*** Opening of Available data ***

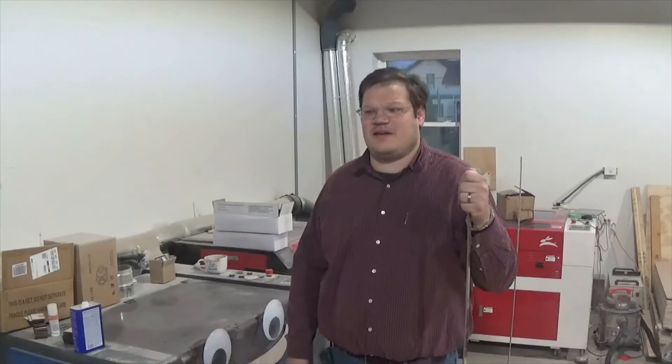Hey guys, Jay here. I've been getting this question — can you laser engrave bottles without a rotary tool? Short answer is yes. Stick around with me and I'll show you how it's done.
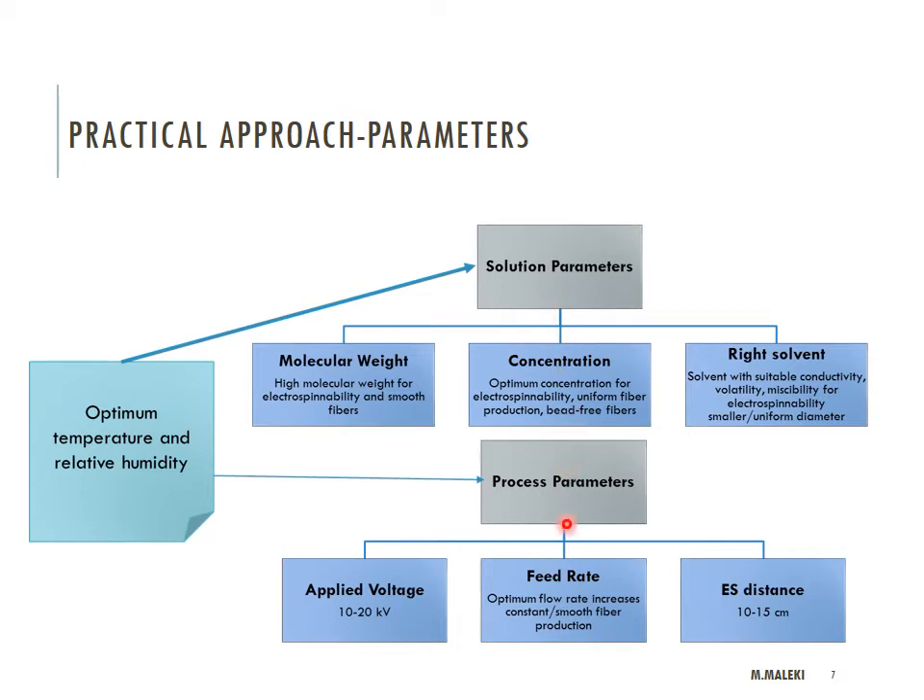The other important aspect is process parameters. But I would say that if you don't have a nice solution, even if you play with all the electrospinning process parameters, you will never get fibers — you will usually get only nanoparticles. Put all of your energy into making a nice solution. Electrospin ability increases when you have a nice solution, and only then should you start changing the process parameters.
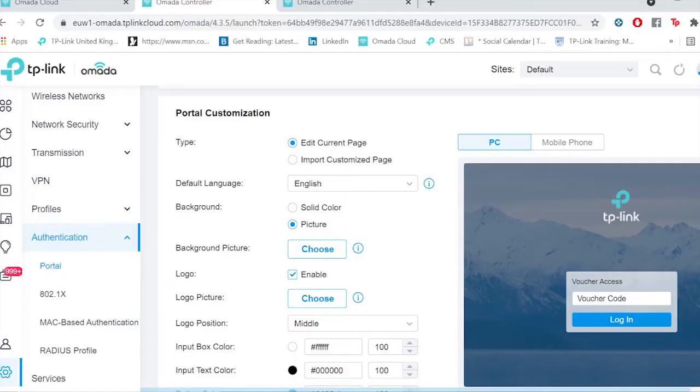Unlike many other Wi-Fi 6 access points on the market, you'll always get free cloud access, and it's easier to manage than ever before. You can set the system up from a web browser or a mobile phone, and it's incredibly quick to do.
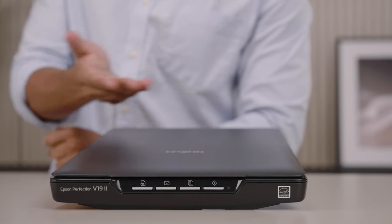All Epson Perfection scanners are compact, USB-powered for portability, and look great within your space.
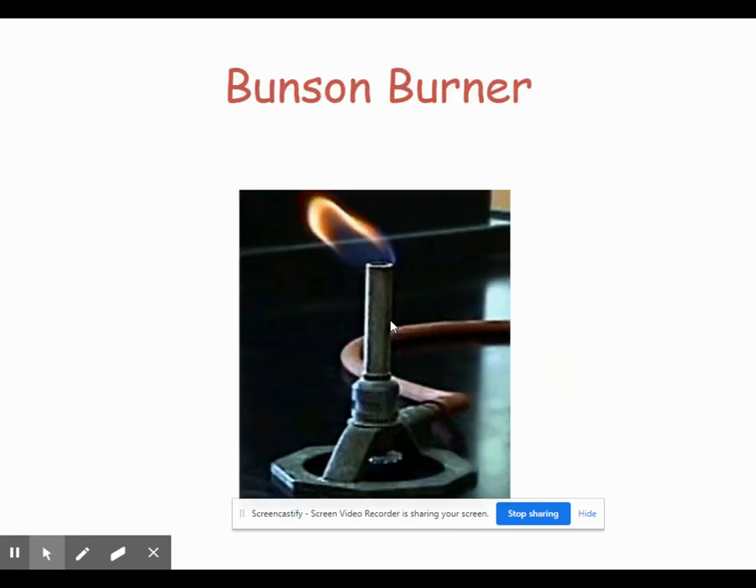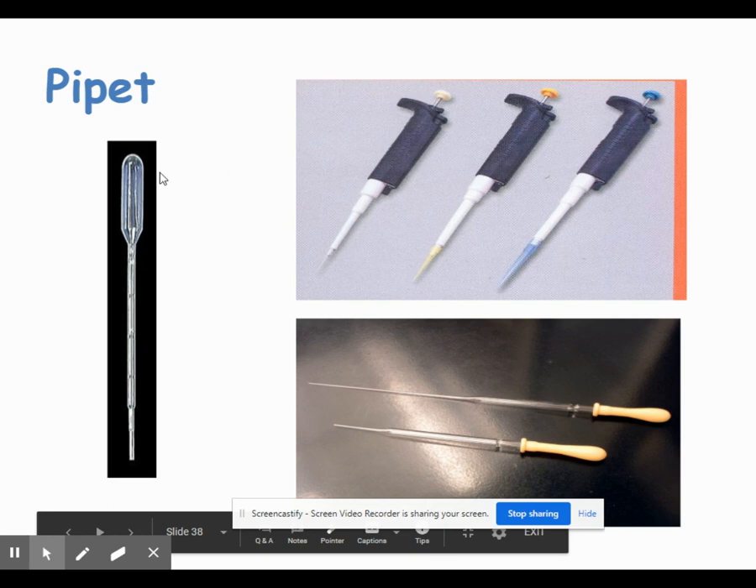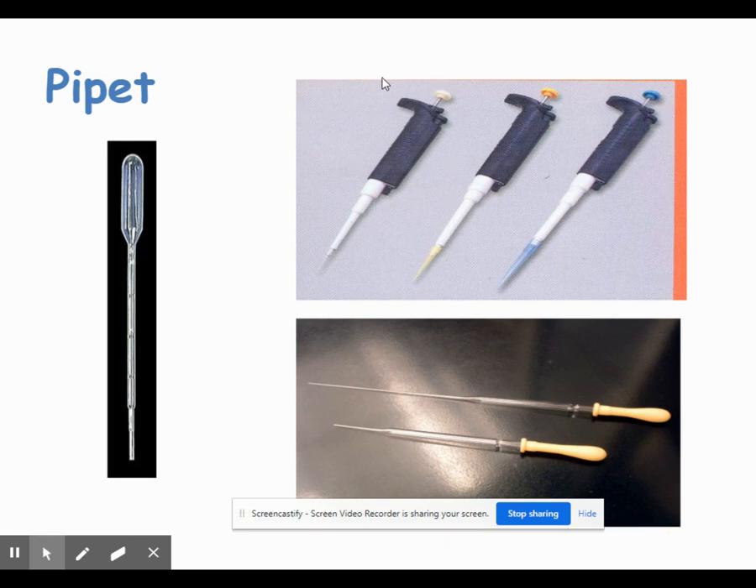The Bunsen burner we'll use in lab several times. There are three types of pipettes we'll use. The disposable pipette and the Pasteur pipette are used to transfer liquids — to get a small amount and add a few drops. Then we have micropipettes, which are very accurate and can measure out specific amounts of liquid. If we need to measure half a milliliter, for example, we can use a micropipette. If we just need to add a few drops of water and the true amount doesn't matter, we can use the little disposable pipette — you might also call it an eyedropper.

*** Close of Available data ***
*** Opening of Available data ***

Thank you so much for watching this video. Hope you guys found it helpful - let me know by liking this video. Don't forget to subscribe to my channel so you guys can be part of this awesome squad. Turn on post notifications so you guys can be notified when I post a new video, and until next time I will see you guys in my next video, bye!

*** Close of Available data ***

§ Aim of the task:
From the records above, transcribe only the stretch from the line with "Hey guys, Jay" through the line with "The other important", keeping both ends. Omit pictures.

§ Solution:
Hey guys, Jay here. I've been getting this question — can you laser engrave bottles without a rotary tool? Short answer is yes. Stick around with me and I'll show you how it's done.
The other important aspect is process parameters. But I would say that if you don't have a nice solution, even if you play with all the electrospinning process parameters, you will never get fibers — you will usually get only nanoparticles. Put all of your energy into making a nice solution. Electrospin ability increases when you have a nice solution, and only then should you start changing the process parameters.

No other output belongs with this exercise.